Flavonoids are known to inhibit the activity of topoisomerases and show genotoxic effects through catalytic inhibition of both topoisomerase I and II that could induce DNA double strand breaks [23]. To know if the effect of fisetin was due to its inhibitory effect on topoisomerase activity, DNA double strand breaks were identified by western blots and microscopy using gamma H2A-X phospho S139 antibody. As a positive control, etoposide, an inhibitor of topoisomerases was used. Fisetin treatment caused DNA double strand breaks in significant number of cells but the presence of cPTIO during fisetin exposure could inhibit the DNA breaks (Figure 3A-C). The cPTIO failed to inhibit etoposide induced double strand breaks (Figure 3A-C). The above data clearly suggests that fisetin causes DNA double strand breaks in the THP-1 cells primarily through the production of NO and do not act as a topoisomerase inhbitior as shown in other cell types.

Figure 3.

Figure 3

Fisetin induced nitric oxide causes DNA double strand breaks. A. Western blots of fisetin (20 µM for 6 h) treated cells in the presence (Group 4) or absence (Group 2) of NO inhibitor, cPTIO shows that scavenging of NO prevents fisetin induced double strand breaks. Etoposide (20 μM for 18 h) (Group 3) was used as a positive control and actin as the loading control. All western blots are representative of a minimum of 3 repeats. Bar graph shows relative expression of gamma H2A-X phospho S139. Data are ± SEM, n = 3, *p < 0.05. B. Number of cells positive for double strand break was measured using fluorescence microscopy. Groups are 1, control; 2, fisetin; 3, etoposide; 4, fisetin + cPTIO; 5, etoposide + cPTIO; 6, fisetin + cPTIO + etoposide. Data are ± SEM, n = 3. 150-200 cells were analyzed per assay. C. Representative microphotographs showing cells stained for DNA double strand breaks under different conditions.

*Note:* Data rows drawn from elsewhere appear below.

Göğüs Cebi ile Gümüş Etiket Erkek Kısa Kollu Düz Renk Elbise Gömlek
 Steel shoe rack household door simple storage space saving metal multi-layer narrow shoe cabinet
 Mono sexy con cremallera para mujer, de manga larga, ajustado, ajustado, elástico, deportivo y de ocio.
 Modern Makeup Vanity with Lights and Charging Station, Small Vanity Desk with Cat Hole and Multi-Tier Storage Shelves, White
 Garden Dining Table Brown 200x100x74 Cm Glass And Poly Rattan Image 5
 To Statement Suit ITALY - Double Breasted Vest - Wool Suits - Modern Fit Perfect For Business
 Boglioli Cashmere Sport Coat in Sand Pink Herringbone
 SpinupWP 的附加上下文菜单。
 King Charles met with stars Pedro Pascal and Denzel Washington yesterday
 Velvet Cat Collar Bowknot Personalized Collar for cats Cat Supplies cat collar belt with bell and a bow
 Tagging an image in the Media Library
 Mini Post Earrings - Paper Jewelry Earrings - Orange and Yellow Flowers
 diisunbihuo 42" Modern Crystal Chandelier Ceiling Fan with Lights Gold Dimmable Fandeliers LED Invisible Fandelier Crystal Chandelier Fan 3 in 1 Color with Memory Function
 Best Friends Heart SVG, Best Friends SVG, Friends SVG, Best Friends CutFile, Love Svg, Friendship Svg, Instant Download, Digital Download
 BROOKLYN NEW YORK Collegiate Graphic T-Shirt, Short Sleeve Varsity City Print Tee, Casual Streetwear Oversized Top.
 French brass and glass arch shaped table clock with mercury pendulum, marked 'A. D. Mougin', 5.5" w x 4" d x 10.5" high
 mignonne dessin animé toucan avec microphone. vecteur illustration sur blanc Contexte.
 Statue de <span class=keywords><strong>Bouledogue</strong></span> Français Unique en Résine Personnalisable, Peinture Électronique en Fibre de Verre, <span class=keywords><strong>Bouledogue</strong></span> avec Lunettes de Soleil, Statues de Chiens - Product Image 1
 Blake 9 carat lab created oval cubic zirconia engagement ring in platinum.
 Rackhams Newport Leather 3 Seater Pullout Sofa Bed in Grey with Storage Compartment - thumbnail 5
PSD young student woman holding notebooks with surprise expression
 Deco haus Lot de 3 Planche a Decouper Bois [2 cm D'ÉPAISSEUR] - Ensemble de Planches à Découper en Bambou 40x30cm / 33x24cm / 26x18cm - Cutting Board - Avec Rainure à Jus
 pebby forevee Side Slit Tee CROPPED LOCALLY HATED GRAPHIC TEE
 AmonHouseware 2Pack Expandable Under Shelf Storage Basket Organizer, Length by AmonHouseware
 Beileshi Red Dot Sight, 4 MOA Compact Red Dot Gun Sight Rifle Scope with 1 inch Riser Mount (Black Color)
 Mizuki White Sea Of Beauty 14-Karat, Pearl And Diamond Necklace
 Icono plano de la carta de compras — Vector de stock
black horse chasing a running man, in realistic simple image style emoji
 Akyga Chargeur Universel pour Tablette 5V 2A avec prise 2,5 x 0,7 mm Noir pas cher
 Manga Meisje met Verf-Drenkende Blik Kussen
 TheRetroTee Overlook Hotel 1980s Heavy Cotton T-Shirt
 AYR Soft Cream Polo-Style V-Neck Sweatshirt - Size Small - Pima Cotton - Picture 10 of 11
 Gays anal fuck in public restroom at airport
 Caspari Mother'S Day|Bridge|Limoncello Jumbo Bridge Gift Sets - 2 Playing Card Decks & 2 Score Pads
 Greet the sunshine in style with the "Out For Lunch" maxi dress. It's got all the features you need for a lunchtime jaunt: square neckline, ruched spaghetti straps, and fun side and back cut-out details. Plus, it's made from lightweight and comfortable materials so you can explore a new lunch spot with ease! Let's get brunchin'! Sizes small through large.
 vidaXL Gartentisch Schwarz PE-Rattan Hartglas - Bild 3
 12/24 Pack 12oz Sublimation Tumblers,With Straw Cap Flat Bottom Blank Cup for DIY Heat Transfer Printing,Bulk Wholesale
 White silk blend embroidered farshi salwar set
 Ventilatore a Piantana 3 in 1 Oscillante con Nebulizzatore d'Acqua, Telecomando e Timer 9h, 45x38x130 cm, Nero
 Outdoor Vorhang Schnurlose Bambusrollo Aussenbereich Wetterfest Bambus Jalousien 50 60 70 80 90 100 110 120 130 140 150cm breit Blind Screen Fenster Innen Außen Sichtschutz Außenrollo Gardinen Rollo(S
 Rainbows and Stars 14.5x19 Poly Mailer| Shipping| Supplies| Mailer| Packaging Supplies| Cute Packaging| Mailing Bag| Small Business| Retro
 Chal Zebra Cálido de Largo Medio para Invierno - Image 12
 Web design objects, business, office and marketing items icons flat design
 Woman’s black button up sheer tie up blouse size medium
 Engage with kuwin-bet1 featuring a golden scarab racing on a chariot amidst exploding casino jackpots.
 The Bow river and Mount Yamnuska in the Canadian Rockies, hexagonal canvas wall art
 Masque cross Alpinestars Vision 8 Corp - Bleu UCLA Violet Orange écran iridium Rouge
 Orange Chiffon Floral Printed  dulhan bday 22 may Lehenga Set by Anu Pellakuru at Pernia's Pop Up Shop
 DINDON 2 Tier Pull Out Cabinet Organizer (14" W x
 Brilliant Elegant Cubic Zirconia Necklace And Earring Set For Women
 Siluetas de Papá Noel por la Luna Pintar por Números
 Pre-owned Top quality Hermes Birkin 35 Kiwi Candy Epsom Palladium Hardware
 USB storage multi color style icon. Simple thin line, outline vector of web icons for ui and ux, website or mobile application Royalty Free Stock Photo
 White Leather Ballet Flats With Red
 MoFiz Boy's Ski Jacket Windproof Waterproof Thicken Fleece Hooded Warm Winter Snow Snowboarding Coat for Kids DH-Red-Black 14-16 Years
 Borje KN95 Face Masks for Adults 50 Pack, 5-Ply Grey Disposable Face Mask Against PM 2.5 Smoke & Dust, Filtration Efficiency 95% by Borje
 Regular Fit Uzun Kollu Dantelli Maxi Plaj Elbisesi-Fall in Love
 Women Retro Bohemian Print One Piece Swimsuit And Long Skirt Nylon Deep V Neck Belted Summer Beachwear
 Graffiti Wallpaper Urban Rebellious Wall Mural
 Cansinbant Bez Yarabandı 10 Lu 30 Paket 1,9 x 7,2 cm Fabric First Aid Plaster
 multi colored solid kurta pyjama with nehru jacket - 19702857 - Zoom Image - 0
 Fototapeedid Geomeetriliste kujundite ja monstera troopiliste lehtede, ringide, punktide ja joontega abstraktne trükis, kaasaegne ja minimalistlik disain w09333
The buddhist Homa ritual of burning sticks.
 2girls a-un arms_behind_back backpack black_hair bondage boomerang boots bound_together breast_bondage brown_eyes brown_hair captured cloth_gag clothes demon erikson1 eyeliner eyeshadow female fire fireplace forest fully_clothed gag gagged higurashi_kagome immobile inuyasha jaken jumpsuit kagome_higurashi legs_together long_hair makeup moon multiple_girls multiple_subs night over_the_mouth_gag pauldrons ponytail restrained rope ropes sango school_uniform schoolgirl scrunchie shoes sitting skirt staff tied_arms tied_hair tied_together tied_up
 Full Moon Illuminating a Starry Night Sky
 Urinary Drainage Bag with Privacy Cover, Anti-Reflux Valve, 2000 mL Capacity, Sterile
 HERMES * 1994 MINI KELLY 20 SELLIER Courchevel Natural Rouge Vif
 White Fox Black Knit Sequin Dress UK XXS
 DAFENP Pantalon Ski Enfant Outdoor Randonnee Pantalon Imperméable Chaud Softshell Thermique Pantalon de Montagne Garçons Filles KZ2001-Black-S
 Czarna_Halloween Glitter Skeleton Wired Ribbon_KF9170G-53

Fisetin induced NO production down regulates mTOR activity and causes activation of caspases

Since impaired mTOR signaling is known to mediate flavonoid action [24] and could be activated by NO [25], mTOR pathway components were checked for changes. Downstream components of mTOR signaling pathway revealed a significantly reduced basal level of p70S6 kinase upon fisetin treatment (Figure 4A). The p70S6 kinase is a protein known to modulate cell cycle progression and cell survival [26] and its levels were restored when fisetin treatment was given in the presence of cPTIO (Figure 4A). Fisetin reduced phosphorylation of S6 ribosomal protein (S6 Ri P), a component of 40S ribosomal subunit involved in the regulation of translation at Ser 235/236 and Ser 240/244 (Figure 4A). However, cPTIO treatment of the cells during fisetin exposure allowed Ser 235/236 and Ser 240/244 phosphorylation (Figure 4A) suggesting a role of NO in these events. Other downstream targets of mTOR, eukaryotic translation initiation factor 4B (eIF4B) and eukaryotic elongation factor 2 kinase (eEF2K) showed inhibition of phosphorylation after fisetin treatment that was reversed by cPTIO exposure (Figure 4A). Surprisingly, inhibition of mTOR did not lead to any changes in autophagy level as detected by autophagy efflux experiments and western blotting of key autophagy regulatory protein Beclin-1 (Figure S2).

Figure 4.

Figure 4

Nitric oxide down regulates mTOR pathway and activates caspases to promote apoptosis. A. Western blots of cells treated with fisetin (20 µM) for 6 h in the presence or absence of NO inhibitor cPTIO shows inhibition of mTOR downstream cascade. Graph shows relative expression of the proteins as measured by densitometry. B. Blots show cleavage of pro-caspase 8 and Bid. The bar graphs below the blots show relative expression levels. C. Blot shows cleavage of pro-caspase 7 on fisetin treatment. Bar graph represents relative expression levels of the proteins. D. Blots show cleavage of pro-caspase 9, 3 and PARP. Bar graph represents relative expression levels of the proteins. All western blots are quantified and numbers on Y-axis represents relative expression level compared to control (corrected by actin). Data are ± SEM, n = 3, *p < 0.05. E. THP-1 cells were pre-incubated for 30 min with caspase inhibitors (CI) (Z-DEVD-FMK, Z-LEHD-FMK, Z-IETD-FMK and Z-VAD-FMK) for caspases-3, -7, -9, -8 and all-caspases respectively shows phosphatidylserine exposure measured by Annexin V-PI staining through flow-cytometry. The upper right quadrant represents both annexin and PI positive cells (late apoptotic), the lower right quadrant shows only annexin positive cells (early apoptotic), the upper left quadrant only PI positive cells and lower left is unstained cells. Note that caspase-8 inhibition worked best in terms of prevention of cell killing.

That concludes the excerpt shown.